First, the forum should be external to any SAI initiative, i.e., its members should have no stake in it. Only thus would the forum be both effective and credible and avoid accusations that SAI does not work in the public interest. Second, the make-up of the SAI consultative forum should be inclusive and diverse. It should involve three groups of members—experts, practitioners, and representatives from civil society—with a balance of gender and global South and the North and particular attention to the representation of more vulnerable parties. Experts should have scientific and/or technological knowledge about SAI and be selected internationally from both the physical and the social sciences communities working on SAI and its governance. The complexity of SAI makes it unfeasible to involve lay people effectively; therefore, the second group should consist of practitioners from NGOs working on climate engineering, including those concerned with the most-hard hit developing world. Examples would be the Solar Radiation Management Governance Initiative (SRMGI), the Carnegie Climate Governance Initiative (C2G), The World Academy of Sciences and the Environmental Defense Fund. The third group should include those parts of the global civil society which, despite not being involved in the SAI enterprise, are concerned by it as a wide-ranging socio-political and economic phenomenon: political representatives, social movements, networks of knowledge-based experts, and economic and financial circles.

Conclusions

This article puts forward a way to provide SAI with the long-term legitimacy and procedural justice it needs if it is to increase its capacity to operate in the public interest. To this end, the article first develops suitable criteria of legitimacy and procedural justice; it then goes on to investigate the indications and morally sound governance options provided by the related standards—epistemically accessible proxies of criteria; finally, it outlines two recommendations that will help ensure the achievement and maintenance of the legitimate and procedurally just functioning of SAI in the public interest.

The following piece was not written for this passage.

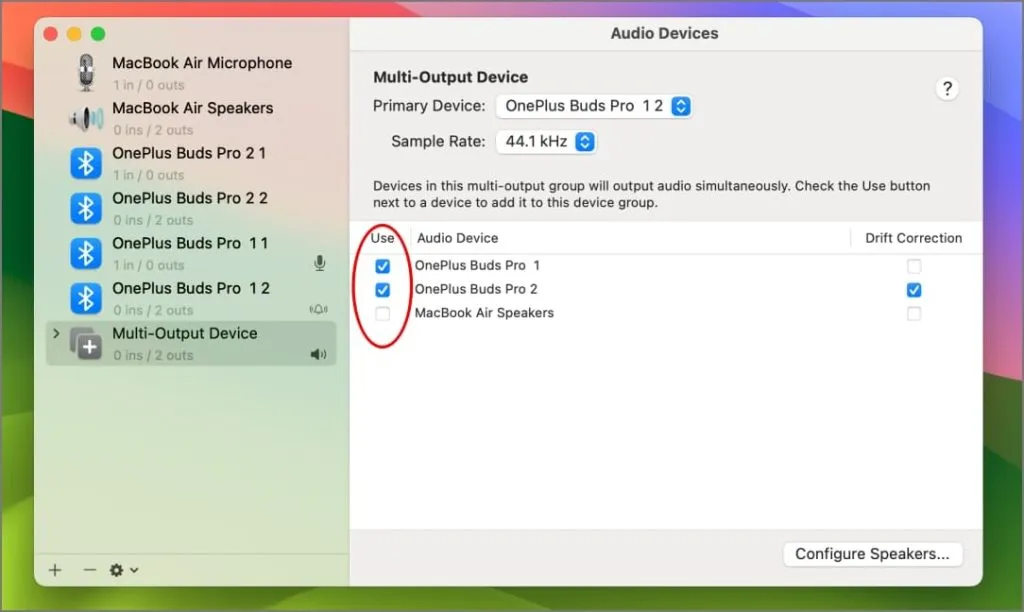 Creación de una configuración de audio agrupado para dos auriculares Bluetooth usando la aplicación Midi en Mac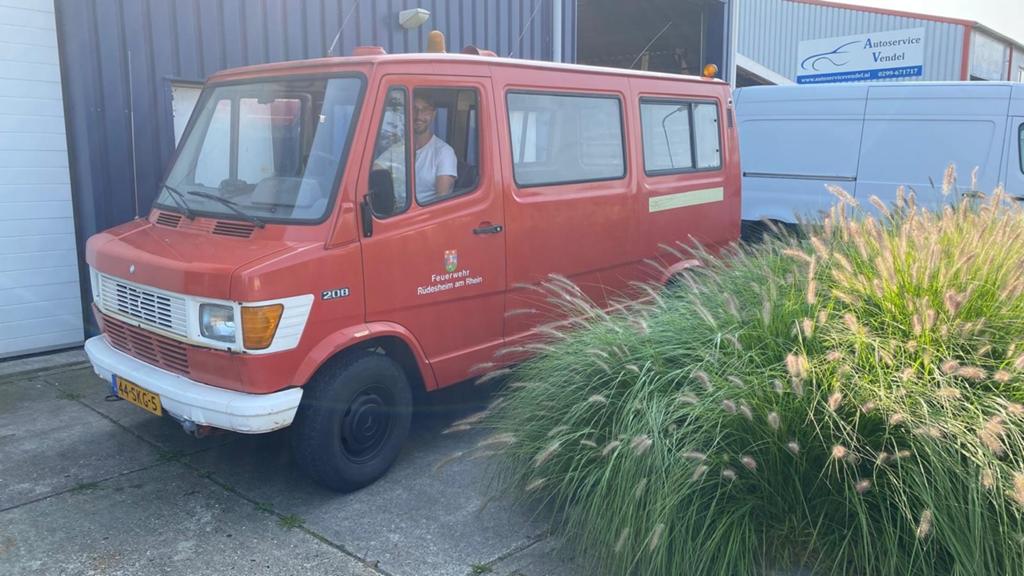 Mercedes t1 208 benzine belastingvrij. Brandweer 39550km, Auto's, Achterwielaandrijving, Mercedes-Benz, Handgeschakeld, Geïmporteerd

It seems finally worth underlining that the establishment of legitimate and procedurally just SAI would both make it more effective as an institution and able to work in the public interest than could be achieved by any form of imposition, however great our trust in the vision of politicians, or in the exemplary power of scientific evidence. In the current fragmented and multipolar international climate order, all climate action needs to operate in a polycentric, quasi-anarchic system, through careful, gradual design and re-design of the relevant institutions. This especially applies to SAI, as it significantly interferes with vested interests, influences patterns of well-being across states, peoples, and generations, and modifies the flow of huge amounts of resources, not least financial ones. The inclusion and maintenance of legitimacy and procedural justice in SAI would shape converging preferences among agents, stakeholders, and political representatives in support of this institution, even those coming from differing political traditions and subject to different political constraints. Ultimately, therefore, the likelihood that SAI would work in the best interests of the public would be significantly enhanced.